_Description of the task_: Without the pictures, can you quote each line below exactly?

_Collected data_:
______

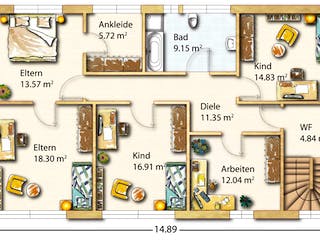 Fertighaus Michel von Holzhaus Rosskopf Schlüsselfertig ab 599000€, Cubushaus Grundriss 2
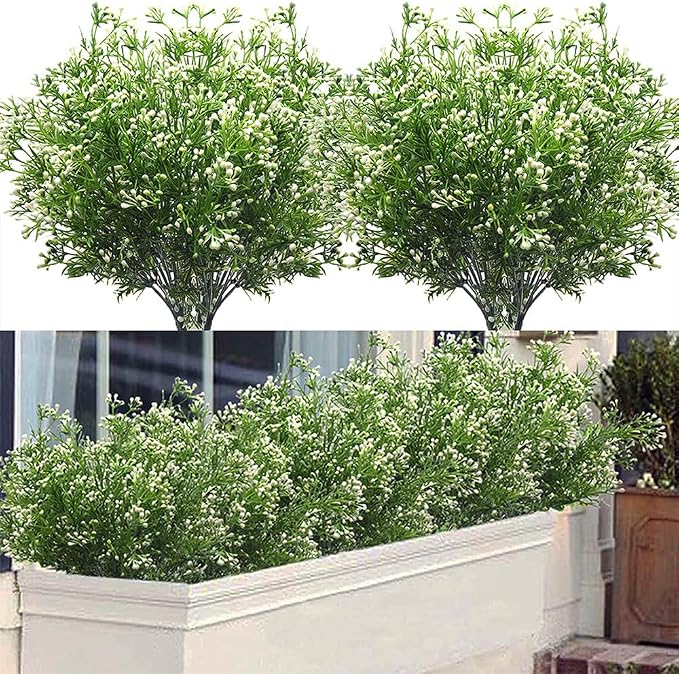 Outdoor Artificial Plants & Flowers Fake Outdoor Plants Artificial Shrubs for Outdoors Plastic Floral Arrangements Artificial with Vase (8 Pcs/White)
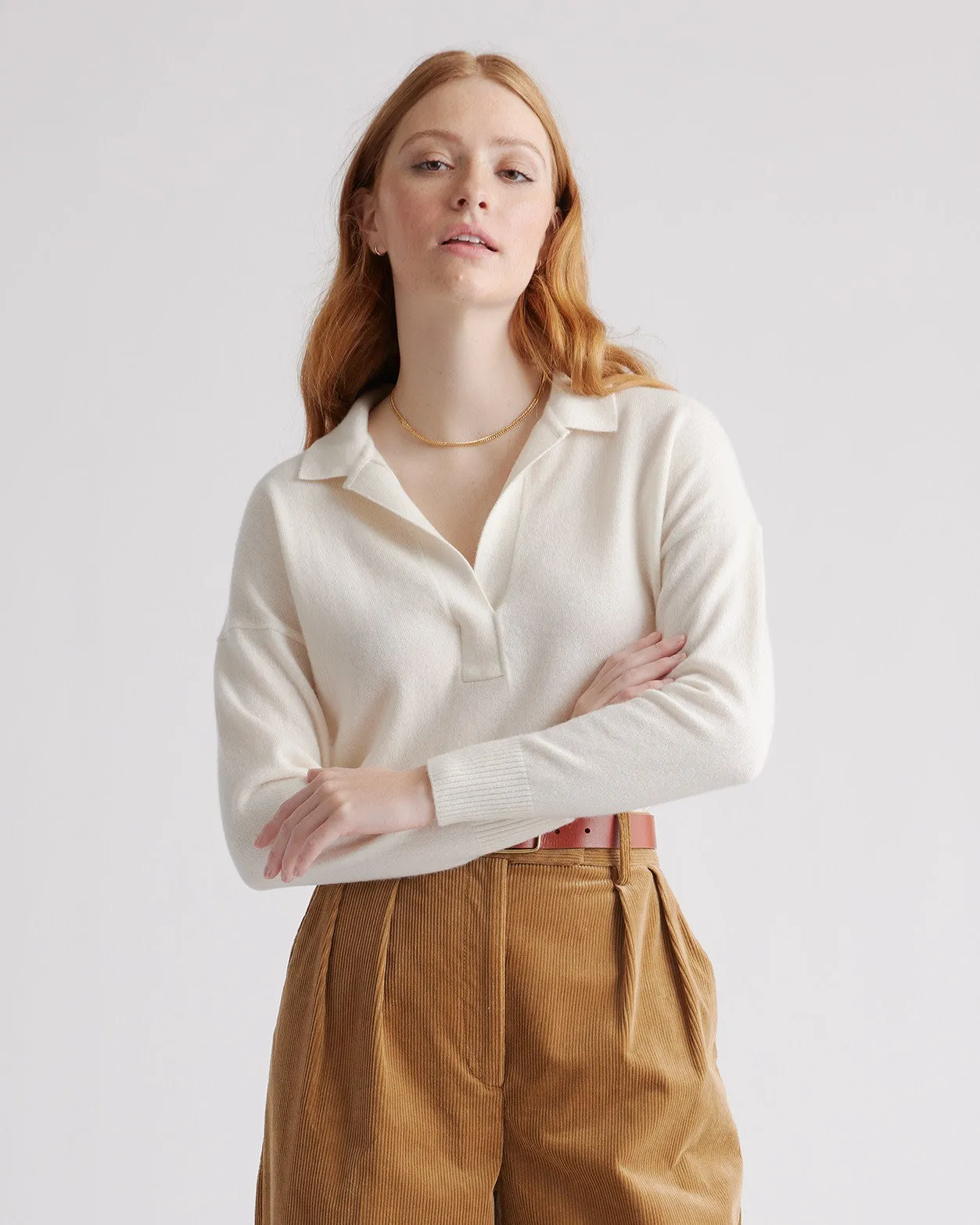 Lightweight Mongolian Cashmere Polo Sweater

______

_Answer section_:
 Fertighaus Michel von Holzhaus Rosskopf Schlüsselfertig ab 599000€, Cubushaus Grundriss 2
 Outdoor Artificial Plants & Flowers Fake Outdoor Plants Artificial Shrubs for Outdoors Plastic Floral Arrangements Artificial with Vase (8 Pcs/White)
 Lightweight Mongolian Cashmere Polo Sweater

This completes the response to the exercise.